The only people (and yes, it's individuals, not groups) who are recorded as having known were Círdan, Elrond and Galadriel; from Rings of Power:

Even as the first shadows were felt in Mirkwood there appeared in the west of Middle-earth the Istari, whom Men called the Wizards. None knew at that time whence they were, save Círdan of the Havens, and only to Elrond and to Galadriel did he reveal that they came over the Sea.

The Istari essay in Unfinished Tales establishes that it was quite some time before Círdan even told the other two:

For they came from over the Sea out of the Uttermost West; though this was for long known only to Círdan, Guardian of the Third Ring, master of the Grey Havens, who saw their landings upon the western shores.
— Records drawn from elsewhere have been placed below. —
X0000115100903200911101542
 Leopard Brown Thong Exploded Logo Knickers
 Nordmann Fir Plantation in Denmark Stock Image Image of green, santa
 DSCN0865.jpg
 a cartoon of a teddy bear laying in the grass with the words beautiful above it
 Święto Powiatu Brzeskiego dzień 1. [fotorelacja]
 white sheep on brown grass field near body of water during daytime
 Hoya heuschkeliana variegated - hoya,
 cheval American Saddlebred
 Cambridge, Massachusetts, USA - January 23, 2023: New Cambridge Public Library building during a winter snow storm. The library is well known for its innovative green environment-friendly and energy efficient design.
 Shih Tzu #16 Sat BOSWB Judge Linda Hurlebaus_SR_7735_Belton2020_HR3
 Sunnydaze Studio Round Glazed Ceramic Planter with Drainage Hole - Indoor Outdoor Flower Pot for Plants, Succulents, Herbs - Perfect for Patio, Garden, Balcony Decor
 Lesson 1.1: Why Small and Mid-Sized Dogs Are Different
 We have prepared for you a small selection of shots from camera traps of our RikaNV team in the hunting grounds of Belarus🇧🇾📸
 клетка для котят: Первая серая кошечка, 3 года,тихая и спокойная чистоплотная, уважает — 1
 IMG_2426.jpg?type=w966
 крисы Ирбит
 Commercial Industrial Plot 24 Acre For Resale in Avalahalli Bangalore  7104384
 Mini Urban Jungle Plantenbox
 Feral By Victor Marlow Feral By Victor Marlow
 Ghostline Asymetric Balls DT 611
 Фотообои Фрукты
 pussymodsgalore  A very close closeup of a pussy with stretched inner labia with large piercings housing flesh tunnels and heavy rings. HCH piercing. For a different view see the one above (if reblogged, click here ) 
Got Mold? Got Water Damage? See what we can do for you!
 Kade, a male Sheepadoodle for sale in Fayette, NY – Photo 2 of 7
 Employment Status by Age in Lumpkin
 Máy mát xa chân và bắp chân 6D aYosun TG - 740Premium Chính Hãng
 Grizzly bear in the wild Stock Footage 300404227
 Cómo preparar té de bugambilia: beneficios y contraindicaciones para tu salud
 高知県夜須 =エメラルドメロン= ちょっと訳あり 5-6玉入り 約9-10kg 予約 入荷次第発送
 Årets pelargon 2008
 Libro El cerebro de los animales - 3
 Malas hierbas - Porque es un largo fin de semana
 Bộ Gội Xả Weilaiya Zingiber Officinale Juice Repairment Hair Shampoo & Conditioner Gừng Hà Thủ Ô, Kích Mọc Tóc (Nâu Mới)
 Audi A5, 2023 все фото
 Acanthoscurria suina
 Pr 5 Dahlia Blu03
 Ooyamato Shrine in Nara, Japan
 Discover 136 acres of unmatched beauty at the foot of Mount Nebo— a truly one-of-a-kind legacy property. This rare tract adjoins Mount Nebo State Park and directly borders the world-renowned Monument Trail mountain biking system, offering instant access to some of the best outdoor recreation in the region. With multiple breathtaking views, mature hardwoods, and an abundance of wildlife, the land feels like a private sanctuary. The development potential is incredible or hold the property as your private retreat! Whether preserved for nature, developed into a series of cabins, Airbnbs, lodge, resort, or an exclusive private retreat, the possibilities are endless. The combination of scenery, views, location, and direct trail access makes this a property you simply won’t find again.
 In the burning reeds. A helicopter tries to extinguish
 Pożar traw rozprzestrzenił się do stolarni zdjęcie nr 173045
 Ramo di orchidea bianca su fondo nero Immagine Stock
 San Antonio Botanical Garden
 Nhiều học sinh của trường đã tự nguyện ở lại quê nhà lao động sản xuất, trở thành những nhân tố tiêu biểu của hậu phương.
The name "Olórin" was, however, well-known in Gondor, per Faramir's statement in the Two Towers:

'Mithrandir we called him in elf-fashion,' said Faramir, 'and he was content. Many are my names in many countries, he said. Mithrandir among the Elves; Tharkun to the Dwarves; Olórin I was in my youth in the West that is forgotten, in the South Incanus; in the North Gandalf; to the East I go not.'

Although Tolkien notes that '"The West" here plainly means the Far West beyond the Sea, not part of Middle-earth; the name Olórin is of High-Elven form', it is not established whether or not those in Gondor had made the inevitable connection.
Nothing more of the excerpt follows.